Probably in some so called "vertical" mergers where one company buys another that is above or below them in a supply chain. So, like if a steel forging company bought a mining company that mines iron ore. So long as afterwards they still have to compete with other steel producers, the merger may let them lower their own prices because now the steel forging part of the business doesn’t have to pay a premium for the iron ore since the mining part no longer has to earn a profit on its own. Like, if it costs the mining company $100 to mine some ore, and it costs the forging company $100 to forge some ore if they already have the ore, and lets say companies want to make a 10% profit, then before the merger the forging company has to buy the ore for $110 (mining cost + $10 profit for the mining company) then spend another $100 to forge it, so their total costs are $210, then if they want a 10% profit themselves would sell for $231. But if they owned the mining company, their costs would only be $200 and could sell for $220 and be making a 10% profit.

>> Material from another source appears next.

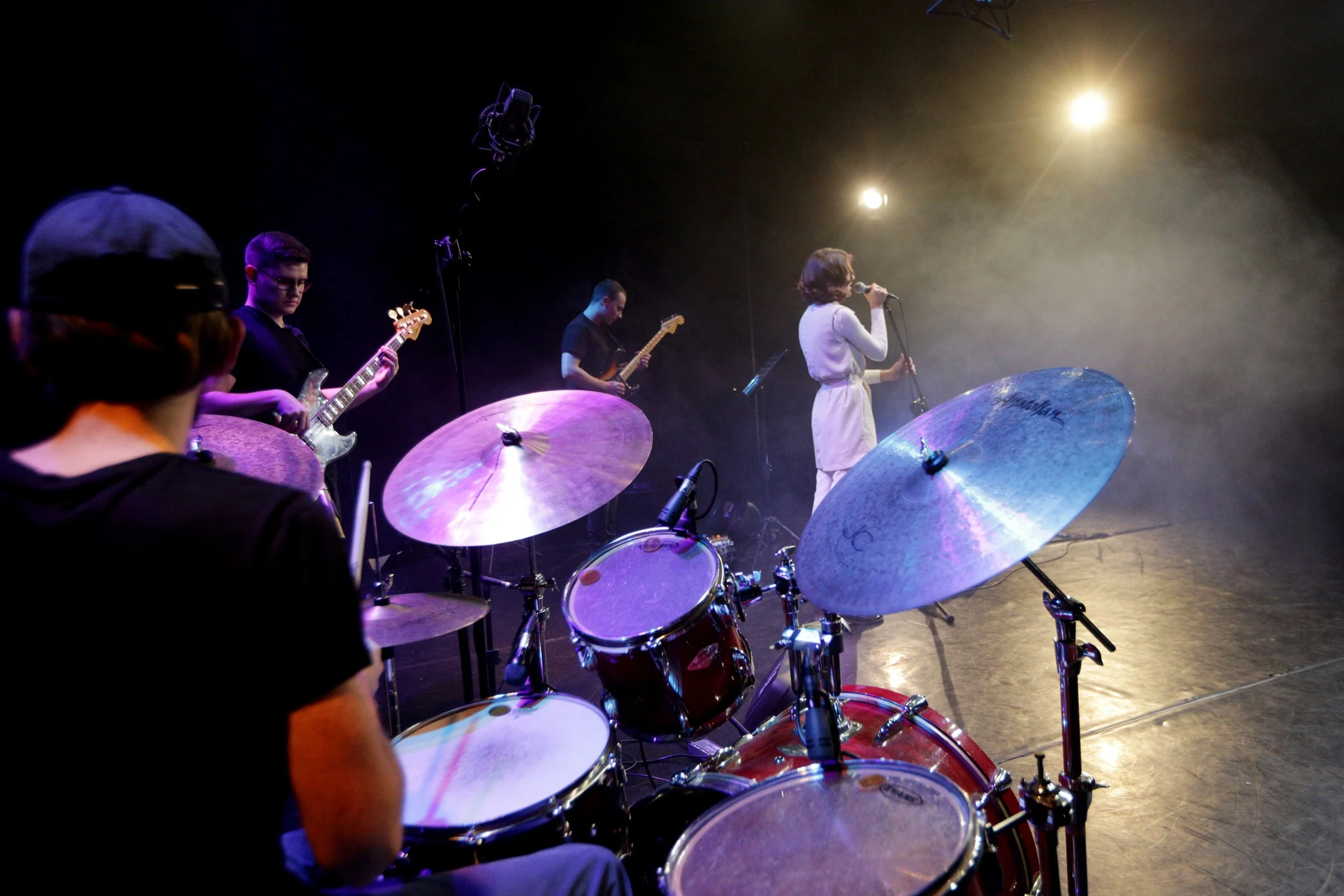 A band performing on stage with a drummer in the foreground, other musicians playing guitar, a vocalist singing into a microphone, stage lights shining down, and a smoky atmosphere.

Now, of course, the company post merger doesn’t have to settle for just a 10% margin. They could always merge, and continue to sell at $231 and be making a 15.5% profit now instead. But in theory, if there is plenty of competition in the market, they could make more total money by choosing to sell at some lower price than $231 (because they would still be making a profit on each sale) and in theory gain extra volume of sales now that more people might buy from them instead of a competitor because they are cheaper.

There are similar efficiencies to be had in "horizontal" mergers where you’re essentially buying a competitor because while many costs go up directly proportional to the number of store fronts and sales a business has, some costs go up at a rate less than directly proportional, the so called "economy of scale". This is how companies like Walmart and and Amazon can afford to sell many products for so cheap, because they sell so many things at such a large scale, they can afford to have a very small margin on each individual thing sold and out-compete smaller stores while still making massive total profits.

But of course in both cases, these only lead to lower prices for consumers when the merging companies don’t out-compete their competitors into oblivion. Because once there are no more competitors, there’s no incentive for a big company to keep prices super low.

But yes, there have been mergers that have led to lower prices for consumers, and mergers that have led to greater efficiency which in theory leads to greater wealth for the country. But it doesn’t always happen, and capitalism is inherently exploitative in the first place for myriad reasons.

Shufflepants (profile) says:

"T-mobile and Sprint would be forced to divest spectrum and other assets to create a fourth competitor to keep the market semi-healthy"

Hey, I have an idea. We can call the new company U-Mobile. And to be effective competition we’ll have to get them set up from the beginning. So, they should probably receive all of T-Mobile’s microwave towers, because how you gonna run a new cell network without the cell towers? And of course U-Mobile’s gonna need people to maintain those cell towers, so the cell tower workers from T-Mobile can go work for U-Mobile. Also, U-Mobile is gonna need a bunch of store fronts to sell phones and plans for their new network, so I guess they can just have T-Mobile’s store fronts since there’s gonna be a bunch of redundancy from the ones they’ll be acquiring from Sprint. And then of course U-Mobile’s gonna need a bunch of offices and corporate employees to keep the whole business running so T-Mobile can probably spare a bunch of those to give to U-Mobile.

Yeah, so, T-Mobile can just give all those things to U-Mobile and then T-Mobile can "merge" with Sprint, and we get a brand "new" company to compete with them.

Anonymous Coward says:

Re: Not so far-fetched

Boost Mobile doesn’t have their own network though. But you’re right, that probably would fulfill the condition in the eyes of Pai. Then again, two cups and a string would probably fulfill that condition in the eyes of Pai. Wait, it’s wireless competition. You don’t even need the string. Just two cups and some Pai.

Anonymous Coward says:

I'm going to be "that guy"

Sorry Karl, but the phrase "chomping at the bit" drives me crazy. The expression is "champing at the bit" referring to a racehorce champing his bit out of excitement (playing with it in his mouth, not biting down on it with its teeth).

Normally I wouldn’t point such things out, but this one’s in the first sentence and is highlighted through linking. It’s like someone starting off an oral argument by running their fingers down a blackboard.

Of course, your misuse of that phrase is nothing compared to regulators’ misuse of regulatory power over a telecom market that obviously does not have the public’s best interests at heart with this merger.